▼▼▼

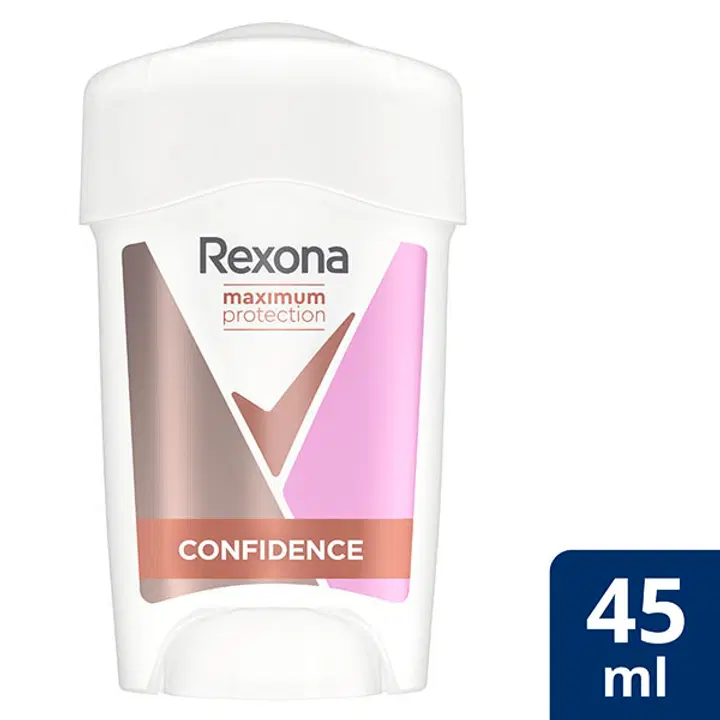 Rexona Maximum Protection Confidence Antiperspirantti Deodorantti Stick 96 h suoja 45 ml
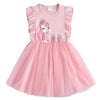 Girls Perform Dress Children Princess Tutu Dress Toddlers Summer Prom Dresses Kids Birthday Party School Casual Clothes-Dollar Bargains Online Shopping Australia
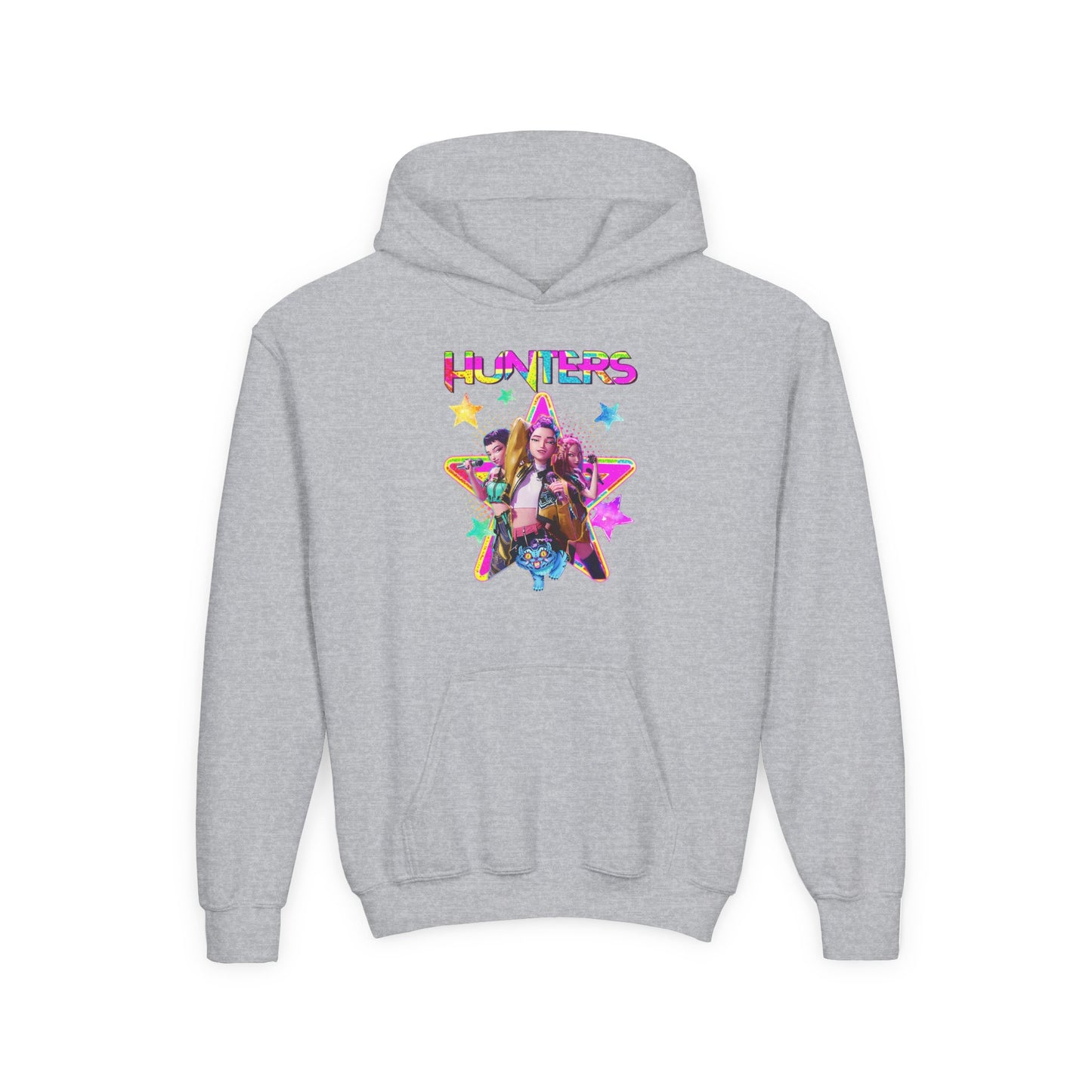 Kpop Hunters Youth Hoodie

▲▲▲

Task directions
The answer should match the data above word for word, with no pictures in it.

Written response
 Rexona Maximum Protection Confidence Antiperspirantti Deodorantti Stick 96 h suoja 45 ml
 Girls Perform Dress Children Princess Tutu Dress Toddlers Summer Prom Dresses Kids Birthday Party School Casual Clothes-Dollar Bargains Online Shopping Australia
 Kpop Hunters Youth Hoodie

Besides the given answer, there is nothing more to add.